Understanding Somalia

Kenya’s restive northern neighbour has more than its fair share of challenges – but this should not be the case. It has the longest coastline on mainland Africa, it sits at a strategic point on global shipping lanes and it seems to have abundant natural resources (if it is ever stable enough for prospectors to go and confirm this).

The Somali people are witty, hard-working and family orientated. They all follow the Sunni form of Islam and speak Somali, along with a few localised dialects. So why is Somalia so divided?

‘The C Word’

The primary reason is what is known as ‘the C word’: Clan.

While Somalis are unified by language and the form of Islam they practise, clan identity is the main element of a Somali’s identity – unless there are non-Somalis present, in which case the Somalis unite under a strong nationalist sentiment. In other circumstances, clan provides both the glue that held the country together through a quarter century of chaos, but also many of Somalia’s current fracture points.

There are four major clans.
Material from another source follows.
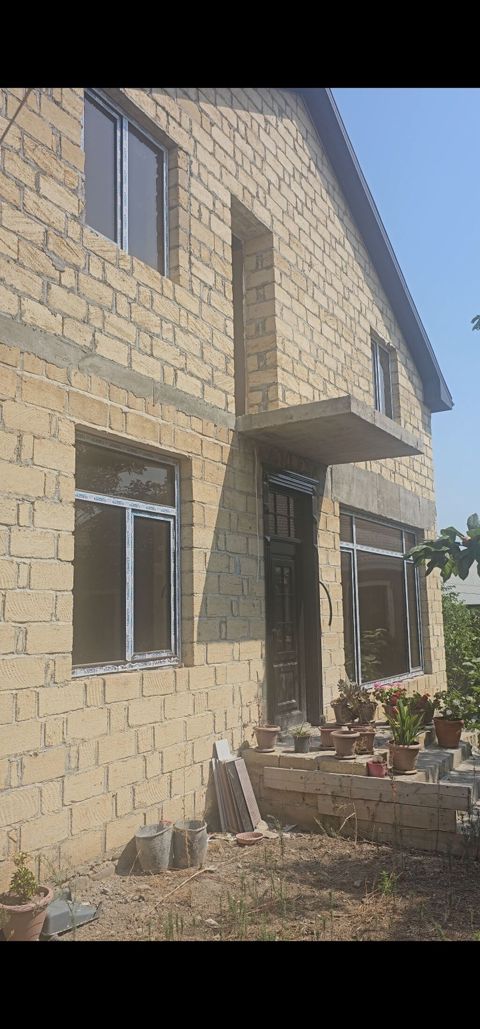 5 otaqlı, 180 kv. m, Təmirsiz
Size ranked, they are: the Hawiye, who predominate in Mogadishu and the central area; the Darod, who are split between northerly Puntland and southerly Jubbaland; the Issaq or Dir, who predominate in Somaliland; and the Rahanweyn or Digil Mirifle,who predominate in Southwest State, which stretches from Baidoa on the Ethiopian border to the coastal area between Mogadishu and Kismayo.

There are also a myriad minor clans as well as pockets of some clans in the heartlands of others. From a low level dispute over access to water or gazing rights between two rural farmers to a national election, everything in Somalia rapidly takes on a clan aspect since the clan elders offer a parallel government, a traditional justice system and an identity. Clans fight regularly: sub-clans of the major clans fight other sub-clans; and sub-sub-clans fight sub-sub-clans, forming an endless cycle of violent feuding.

‘The 4.5 System’

Unhelpfully, the clan is enshrined in ‘the 4.5 system’ which enforces the distribution of government and security forces posts along clan lines: what this means in practice is that if the President is a Hawiye, then the Prime Minister must be Darod and so on. All the way down through the layers of government.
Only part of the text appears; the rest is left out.